Monday, November 27, 2017

Check Your Background, Guns and Yoga

I'm sure you saw that the FBI ran more background gun checks on Black Friday than ever before. How many of those were assault weapons or just _weapons_ that have nothing to do shooting Bambi or turkeys or ducks or some other creature than humans? I grieve as much as I feel the fury, but I would not say more than ever. I would say that it is something I notice, something that I am forced to confront every time I read another story or face the _facts_. We can choose to bring the facts of our collective lives more fully into the conversation, or we can run inside and pretend it's all going to work out for the best.

I long ago understood that I can't spend a moment more looking for peace that is just another bypass, or attach myself to some soporific tripe about how I can go inside, how I need to meditate, how I can be light.
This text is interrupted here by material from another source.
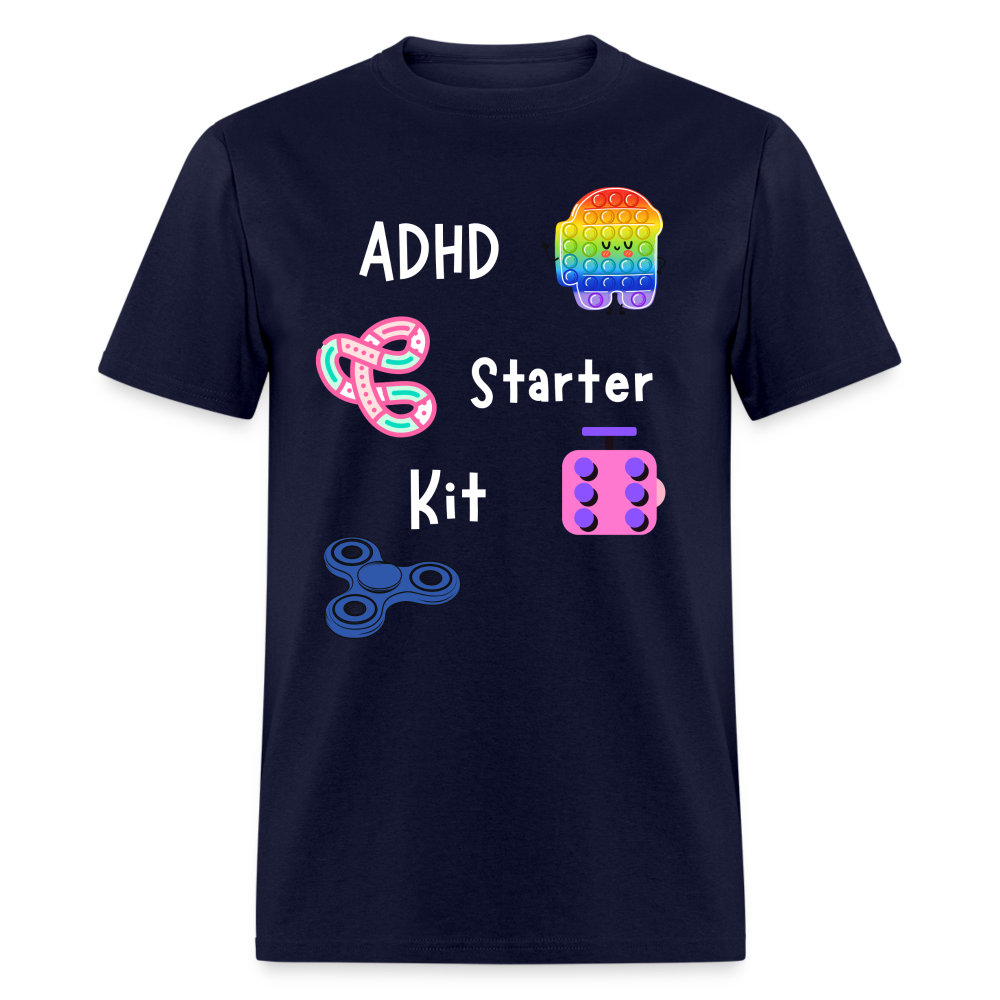 ADHD Unisex Classic T-Shirt - White - navy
If that's what you need to do, I only hope you come out too to read the article about gun sales on Black Friday. For my part, I am meditating with my fury and each day, with news like this, with more grief. I grieve for what could be, for a failing experiment in law and decency, because there are going to be no do overs, no taking back these weapons and what will surely follow. I am not numb to the next time they will be used to kill innocent people. I will not extricate myself from that grief or the fury I feel when the folly, the callow stupidity of it all is _right before our eyes._ We have different values, different opinions, and we are going to have to live with threats of violence that we cannot control and that will not subside.

I plan on feeling +every bit+ of what is human in me, and if that requires an alchemy to endure it, then that must be part of the plan too. For me that alchemy begins in world that still matters to me, in a political experiment that claims humanity and rights are possible. I want to learn every day about folding all of these feelings into a story that lets me live with _all_ of what I feel. Living with myself, that isn't _all_ the yoga I need. I need a yoga that lets me live in a world that confounds and defies credulity, that we cannot fathom but with which we must contend.

And I am not the least bit worried or afraid to feel _more_ of those feelings, especially the grief and anger. I prefer to be drenched in the acidic truth than tell myself that hope is somehow more true, superior, better. Yoga doesn't need to "heal" or make us feel "better." That's something it _can_ do but we forget what more it could do. It can remind us to _engage_ everything we experience, not to give up, and to try every single day to create a way to live with what life presents to us.

I am not particularly hopeful because the evidence tells me otherwise. But I turn to the auspicious, the power to think with feelings in radical affirmation. That affirmation can create the inner conversation that tells me that I _must_ address everything I feel, the _whole_ of it, no matter what comes next. What we become together will depend on how willing, how far we are willing to go to make the world less terrifying than it already is. Let's acknowledge the simple fact that it is _our neighbors_ who are armed, locked, and loaded, and how that makes us all complicit in the danger and fear, just like the villains want us to be. And yes, there are villains. Who do we want to be?

I am not resisting that fear, nor am I willing to deny the danger. I don't have a plan to stop the madness because in America I think it's plain that this train has left the station, and there is only going to be a way to live with this proliferation of the instruments of death. I commend the better angels of our nature, I believe we must believe in them because otherwise there is nothing left to love about this strange, terrifying world that is so full of beauty and wonder too. I take refuge in those who skipped the weekend's background check, folks who too know they must contend with the all of it, armed with open hearts and eyes wide open.